On the “religious” side of marriage in our society–as broadly construed as “religion” may be–weddings take place in synagogues, churches, mosques, Hindu or Buddhist temples, wiccan covens, or wherever and however people may understand and define themselves “religiously.”
Irrespective of where a “wedding” may take place, a “religious ceremony” (a “service of worship”?) represents a “blessing” of the marriage on the part of a couple’s “religious community.”
I once, for example, “married” a couple–friends of mine–in their home. The service I offered was thoroughly Christian. That’s why they asked me to “marry them.” Not only because I was their friend, but also out of respect for the groom’s Baptist parents. Respective “families” are usually, if not always, a consideration where “marriage” is concerned.
Later, however, the couple traveled to Atlanta where they were also “married” in a Buddhist ceremony. Unfortunately, the couple eventually divorced. So it would appear that the “blessing” of their marriage by at least two different religious traditions did not provide sufficient “saving efficacy” where their marriage was concerned.
Both their marriage and their divorce, however, were effected “legally,” and just as separately, irrespective of whatever “religion” may have been involved in the process, however authentic or otherwise.
As I understand the current circumstances, selected states now allow same sex couples to be “legally married”; most states don’t.
The same is true for churches, at least, with respect to the “blessing” of a “same sex marriage.” The United Church of Christ endorses and supports such “blessings,” as do Unitarians.
[Whether Unitarians represent a “church” is debatable. If not necessarily in the Pauline sense of “the church” as “the body of Christ,” Unitarians at least reflect the meaning of “church” in a cultural, sociological sense. That being, of course, another subject for another day.]
Most churches, these days, are either adamantly opposed to “same sex marriage” or have become quarrelsome, if not even tragically divided over the matter. And the same appears to be so, to whatever degree, among various expressions of Judaism.
What is important, in this respect, is that because the First Amendment to our nation’s Constitution prohibits a “state church” (or synagogue or mosque or whatever) by promoting, instead, “the separation of church and state,” people–depending on whether or not they consider themselves “religious”–may or may not “get married” in at least “two different places.”

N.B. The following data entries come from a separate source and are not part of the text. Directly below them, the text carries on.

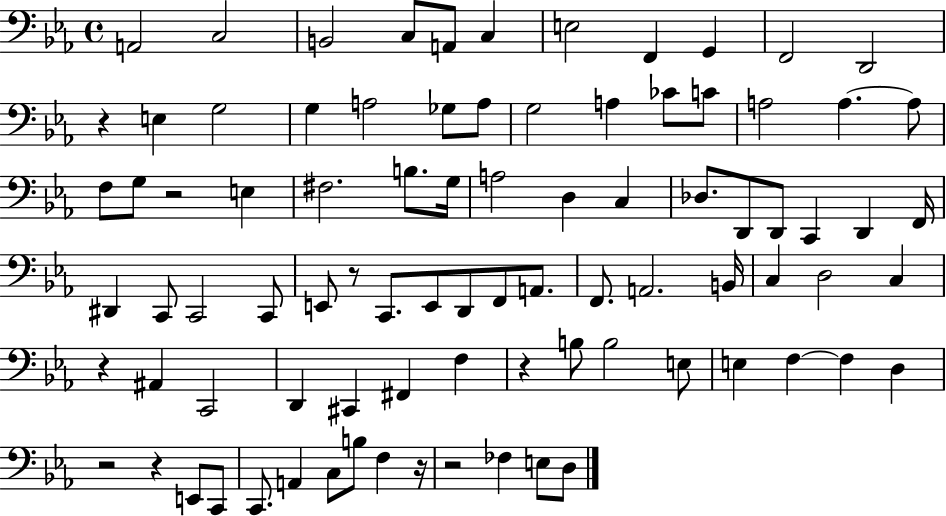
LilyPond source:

{
  \clef bass
  \time 4/4
  \defaultTimeSignature
  \key ees \major
  a,2 c2 | b,2 c8 a,8 c4 | e2 f,4 g,4 | f,2 d,2 | \break r4 e4 g2 | g4 a2 ges8 a8 | g2 a4 ces'8 c'8 | a2 a4.~~ a8 | \break f8 g8 r2 e4 | fis2. b8. g16 | a2 d4 c4 | des8. d,8 d,8 c,4 d,4 f,16 | \break dis,4 c,8 c,2 c,8 | e,8 r8 c,8. e,8 d,8 f,8 a,8. | f,8. a,2. b,16 | c4 d2 c4 | \break r4 ais,4 c,2 | d,4 cis,4 fis,4 f4 | r4 b8 b2 e8 | e4 f4~~ f4 d4 | \break r2 r4 e,8 c,8 | c,8. a,4 c8 b8 f4 r16 | r2 fes4 e8 d8 | \bar "|."
}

I have, for example, been asked to “perform weddings” for heterosexual couples, usually friends. Except that when they were explicit in asking that it not be “Christian” (in the sense that I am a “Christian minister”), as they did not hold to any particular religious values, and hardly mine, I have politely encouraged them to seek the services of a justice of the peace or notary public if they wished to be “married” in a legal, secular way without having their marriage also “blessed” by any particular “religious community,” including my own.

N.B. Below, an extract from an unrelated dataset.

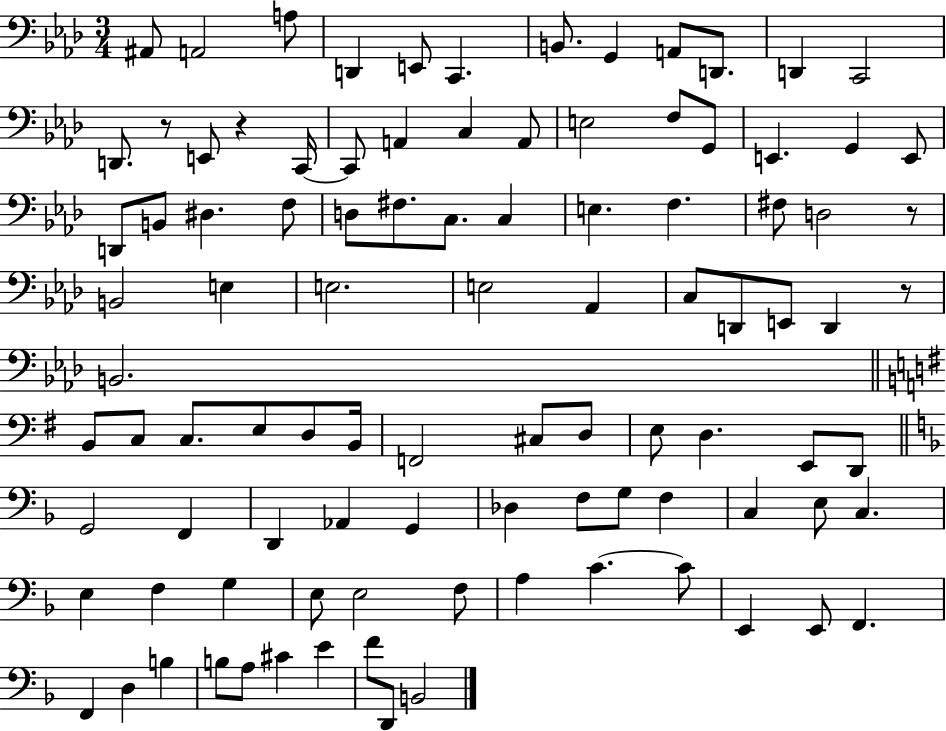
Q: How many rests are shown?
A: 4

Again, whatever one’s sexual orientation, legally speaking, what we call “marriage” in our society: it is a secular, state-sanctioned “civil union.” If one is “married religiously”–a separate matter–such a “religious marriage” is, more precisely, a “blessing” of the marriage, however “legal” or otherwise.
Except, in Roman Catholicism, for instance, the only “marriage” that is recognized as “valid” is the “sacrament” of marriage authorized, endorsed, supported and conducted in, of and by the Roman Catholic Church.
Just as a “legal divorce” does not qualify as the dissolution of a marriage according to the theology and ethics of marriage as understood, interpreted and promoted in and by Roman Catholicism.
As for “homosexuality” in general, and thus “same sex marriage” in particular: a “religious” understanding of this matter–at least, for Jews and Christians, from the perspective of the Bible–that is yet another (much more involved) subject for another day.
Save to say that the matter has, these days, come to have received, ironically, greater attention–in both religious and secular circles–than it does, in fact, receive in scripture.
To quote Lutheran pastor, the Reverend Lawrence E. Holst: “When we search the scriptures on this topic . . . homosexuality is given scant attention. More space is given to injustice, oppression, poverty and idolatry, even bestiality, incest and prostitution. Jesus never mentions it; nor do the Gospel writers or any of the Old Testament prophets.”
Biblical interpretation is, of course, as complex and nuanced as it is often divisive. Put simply, however–as with many other matters of contemporary concern–the Bible has essentially nothing to say on the subject of “sexual orientation” as it is understood today according to the most informed thinking on the subject.
So I’m always interested in the “need” of those who proceed to “hunt and peck” across the pages of scripture looking for a “proof text” for their particular religious, moral (or otherwise), political, social or personal agenda. Most notably, these days, with respect to “homosexuality” in general and “gay marriage” in particular. Given the fact that the Bible has essentially nothing to say on the subject.
Speaking of which–interpreting scripture–how’s this for irony?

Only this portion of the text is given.